Les démocrates dénoncent la surveillance de leurs recherches sur le dossier Epstein par le ministère de la justice américain
Surveillance des recherches sur Epstein par la justice américaine dénoncée

Les démocrates s'indignent de la surveillance de leurs recherches sur le dossier Epstein par le ministère de la justice américain

Des élus démocrates au Congrès américain ont vivement condamné, jeudi 12 février, le suivi par l'administration Trump de leurs recherches effectuées au ministère de la justice dans les documents du dossier Epstein qui n'ont pas encore été rendus publics. Cette révélation a suscité une onde de choc dans les cercles politiques, remettant en question les principes de transparence et de séparation des pouvoirs.

Une pratique jugée inappropriée et contraire à la séparation des pouvoirs

L'élue démocrate à la Chambre des représentants Pramila Jayapal, représentant l'État de Washington, s'est particulièrement indignée de cette situation. « Il est complètement inapproprié et à l'encontre de la séparation des pouvoirs pour le ministère de la justice de nous surveiller tandis que nous cherchons dans le dossier Epstein », a-t-elle déclaré avec véhémence.
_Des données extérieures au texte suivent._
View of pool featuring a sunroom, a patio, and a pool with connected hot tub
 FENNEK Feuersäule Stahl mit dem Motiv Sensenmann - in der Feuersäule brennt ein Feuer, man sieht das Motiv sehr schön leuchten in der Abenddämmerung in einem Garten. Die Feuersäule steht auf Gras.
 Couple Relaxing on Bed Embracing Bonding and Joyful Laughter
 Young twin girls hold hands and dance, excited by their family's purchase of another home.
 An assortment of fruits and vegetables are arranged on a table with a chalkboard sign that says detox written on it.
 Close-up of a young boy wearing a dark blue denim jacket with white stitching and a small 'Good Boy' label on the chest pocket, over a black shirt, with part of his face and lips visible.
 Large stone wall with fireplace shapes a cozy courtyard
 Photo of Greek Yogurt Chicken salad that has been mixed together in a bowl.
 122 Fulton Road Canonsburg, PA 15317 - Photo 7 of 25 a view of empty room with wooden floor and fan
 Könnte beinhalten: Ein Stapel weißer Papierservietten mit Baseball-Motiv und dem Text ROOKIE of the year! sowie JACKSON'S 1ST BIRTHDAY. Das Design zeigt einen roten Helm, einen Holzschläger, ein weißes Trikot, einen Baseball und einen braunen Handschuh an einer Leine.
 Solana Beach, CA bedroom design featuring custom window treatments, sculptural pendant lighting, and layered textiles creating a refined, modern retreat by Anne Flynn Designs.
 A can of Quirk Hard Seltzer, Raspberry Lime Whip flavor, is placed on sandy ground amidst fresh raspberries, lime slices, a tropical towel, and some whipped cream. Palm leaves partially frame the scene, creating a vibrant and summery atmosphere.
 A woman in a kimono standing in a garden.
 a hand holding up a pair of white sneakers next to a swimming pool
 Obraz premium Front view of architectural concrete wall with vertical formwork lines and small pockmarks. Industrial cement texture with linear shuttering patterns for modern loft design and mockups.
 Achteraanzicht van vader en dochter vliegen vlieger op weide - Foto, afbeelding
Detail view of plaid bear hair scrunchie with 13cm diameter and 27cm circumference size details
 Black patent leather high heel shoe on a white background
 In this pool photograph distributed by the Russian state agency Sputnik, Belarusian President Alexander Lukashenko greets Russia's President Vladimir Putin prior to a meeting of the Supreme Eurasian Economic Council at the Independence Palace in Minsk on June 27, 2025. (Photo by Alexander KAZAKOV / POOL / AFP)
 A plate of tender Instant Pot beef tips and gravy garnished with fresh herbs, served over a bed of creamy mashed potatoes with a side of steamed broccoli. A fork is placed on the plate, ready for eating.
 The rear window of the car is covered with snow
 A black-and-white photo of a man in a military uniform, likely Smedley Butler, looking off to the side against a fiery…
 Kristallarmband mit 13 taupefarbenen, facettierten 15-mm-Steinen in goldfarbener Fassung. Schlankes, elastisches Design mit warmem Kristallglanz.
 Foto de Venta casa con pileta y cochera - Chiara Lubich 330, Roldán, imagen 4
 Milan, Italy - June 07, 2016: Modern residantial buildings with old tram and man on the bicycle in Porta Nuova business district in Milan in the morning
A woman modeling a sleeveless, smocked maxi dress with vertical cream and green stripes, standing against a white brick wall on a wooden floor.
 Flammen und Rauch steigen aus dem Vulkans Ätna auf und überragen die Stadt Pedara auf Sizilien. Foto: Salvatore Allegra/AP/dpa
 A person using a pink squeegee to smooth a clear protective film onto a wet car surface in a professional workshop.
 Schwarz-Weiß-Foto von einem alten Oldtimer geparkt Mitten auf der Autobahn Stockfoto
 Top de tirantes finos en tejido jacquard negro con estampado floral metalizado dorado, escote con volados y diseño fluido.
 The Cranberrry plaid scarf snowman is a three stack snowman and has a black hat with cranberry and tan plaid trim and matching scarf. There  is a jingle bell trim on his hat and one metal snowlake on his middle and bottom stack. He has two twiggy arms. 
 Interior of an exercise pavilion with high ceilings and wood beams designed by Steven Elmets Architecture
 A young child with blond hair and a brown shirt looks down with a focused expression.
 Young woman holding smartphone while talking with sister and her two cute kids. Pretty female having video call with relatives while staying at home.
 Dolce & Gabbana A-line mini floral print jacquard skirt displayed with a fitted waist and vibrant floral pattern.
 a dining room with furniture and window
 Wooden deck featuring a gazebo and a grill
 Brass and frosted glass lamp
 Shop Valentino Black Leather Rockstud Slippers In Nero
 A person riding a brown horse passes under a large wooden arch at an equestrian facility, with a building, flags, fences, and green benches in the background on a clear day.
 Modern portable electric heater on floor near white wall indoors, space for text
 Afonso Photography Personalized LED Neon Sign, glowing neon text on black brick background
Plusieurs élus ont obtenu accès depuis cette semaine aux documents non caviardés du dossier concernant le criminel sexuel Jeffrey Epstein, mort en prison en 2019. Ils ont pu les consulter directement au ministère de la justice, qui a confirmé dans un communiqué à l'Agence France-Presse que les recherches effectuées par les élus étaient effectivement enregistrées.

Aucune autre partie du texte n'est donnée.